The first 2, I mean 3, I mean 4 oh whatever.


If you're to write reviews, you need to be sure of your opinion. The rest was decent. I like some of the insults you threw out, and I like your closing sentence. I also think you should seperate the pros from the cons.

Anyway, here's my next review. It's of a hip-hop album and I've only heard 7, so go easy on me.

3 FEET HIGH AND RISING by De La Soul

I have a new favorite rap album: 3 Feet High and Rising by De La Soul. I'm very glad I made the decision to try out 3FH&R. It showed me a whole new aspect of hip-hop.

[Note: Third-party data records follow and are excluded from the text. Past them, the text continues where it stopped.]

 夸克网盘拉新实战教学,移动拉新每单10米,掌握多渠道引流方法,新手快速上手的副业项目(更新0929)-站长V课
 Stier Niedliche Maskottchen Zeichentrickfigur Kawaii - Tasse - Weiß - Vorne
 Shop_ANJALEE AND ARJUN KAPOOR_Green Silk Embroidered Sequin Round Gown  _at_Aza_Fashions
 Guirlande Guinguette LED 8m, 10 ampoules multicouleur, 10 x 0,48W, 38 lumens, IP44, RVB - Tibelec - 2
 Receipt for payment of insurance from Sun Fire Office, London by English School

My personal favorite thing about the album is how different it is from the albums I've heard. It's a little bit softer, unlike Beastie Boys, a little slower paced unlike the Wu-Tang Clan, and the album has many samples from a wide variety of genres, adding greatly to the diversity, including rock music such as Led Zeppelin, funk bands like The New Birth, a some Kraftwerk electronica, some smooth R&B like The Mad Lads, the psychedelic music of The Monkees, and even other hip-hop groups. There's even a sample of an Eddie Murphy skit, and a Richard Pryor skit as well!

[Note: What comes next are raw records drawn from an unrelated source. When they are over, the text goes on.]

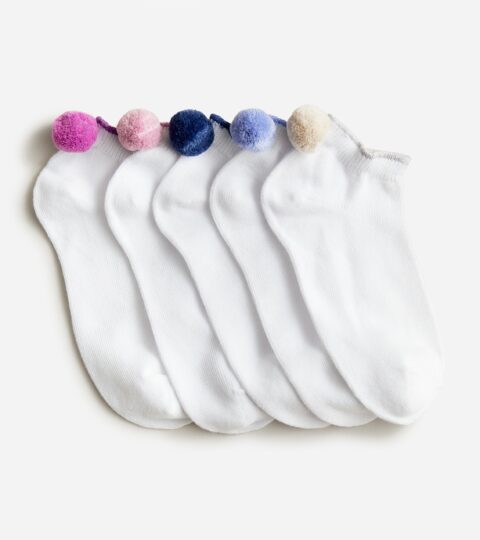 Girls’ Pom-pom Ankle Socks Five-pack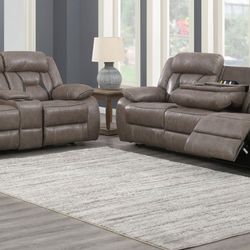 Tyson Taupe Reclining Sofa and loveseat on Sale!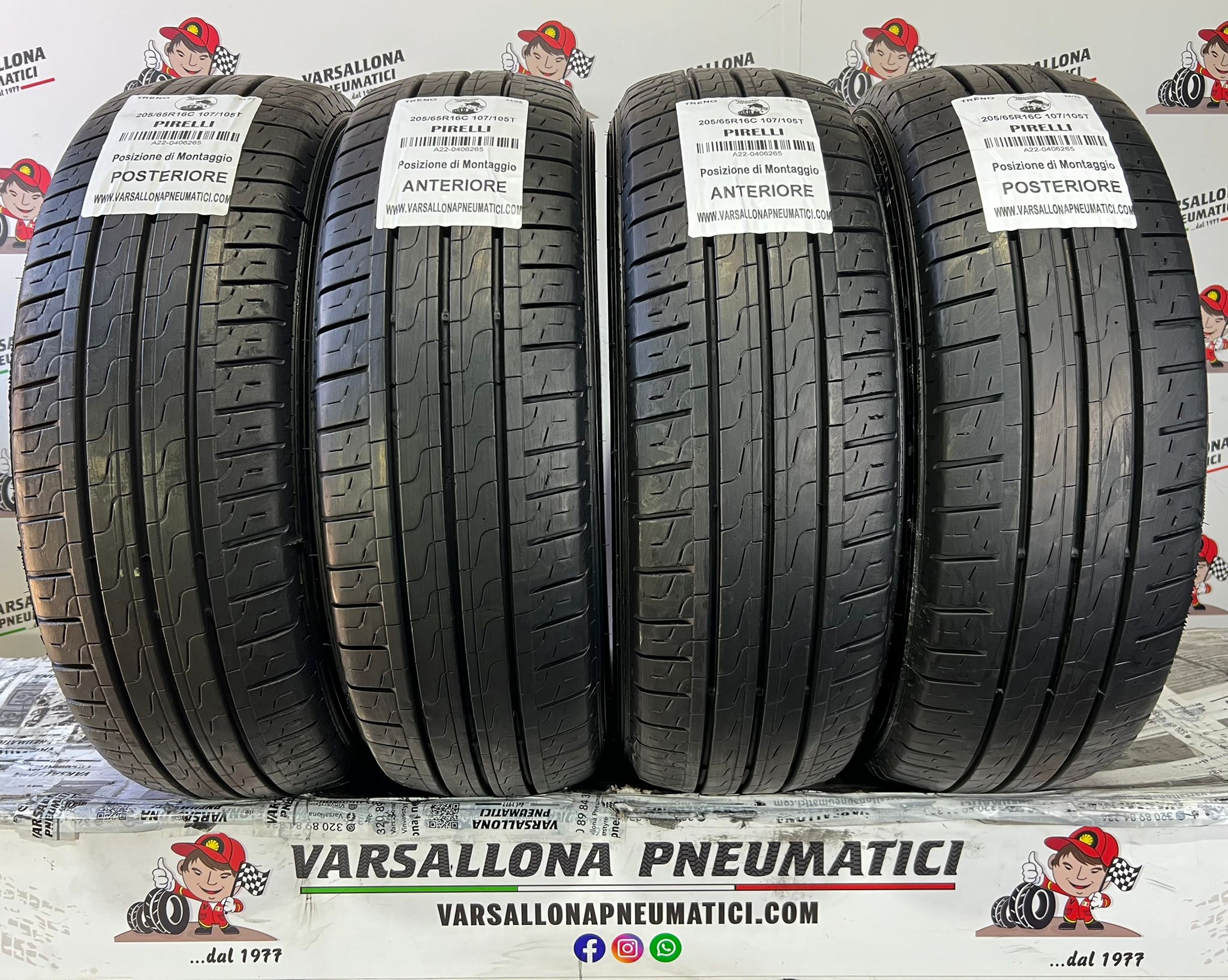 N.4 Pneumatici - 205/65R16C 107/105T PIRELLI - Carrier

The album starts out with a game show tune and some contestants introducing themselves, which I thought was a good opener becasue a game show is unexpected for a musical album. The music obviously picks up in the next track, "The Magic Number," where the great stirng of samples including the Eddie Murphy one I mentioned earlier began. The string of great tracks gets better with the short but not simple "Cool Breeze On the Rocks," which mixes samples from Michael Jackson, Jefferson Starship, and many different bands and more. "Can you Keep a Secret" is a personal fave because of the sample's drumming and trumpets as De La Soul whispers their way through senseless and comedic lyrics including a word they made up: luuden. The album finally gets more upeat with "Jenifa Taught Me," but becomes soft again with "Ghetto Thang." Sadly, there was a pointless track: "A Little Bit of Soap," which thankfully lasted for one minute. But the album picked up with "Tread Water," which had a very interesting beat, contrary to the next track, "Potholes in My Lawn." "Do As De La Does" was one of the two perfect tracks, as it has a faster pace and great backing vocals from the samples. "Plug Tunin'" was next, and had an interesting little piano riff through the track which surprisingly brought the beat up for me. The good string continued until the one track I cannot understand: "Description." But then came the best and my favorite track, Me Myself and I" because the main sample is of one of my favorite pop songs, Knee Deep by George Clinton. If you ask me, the mix that De La Soul did to that song was perfect.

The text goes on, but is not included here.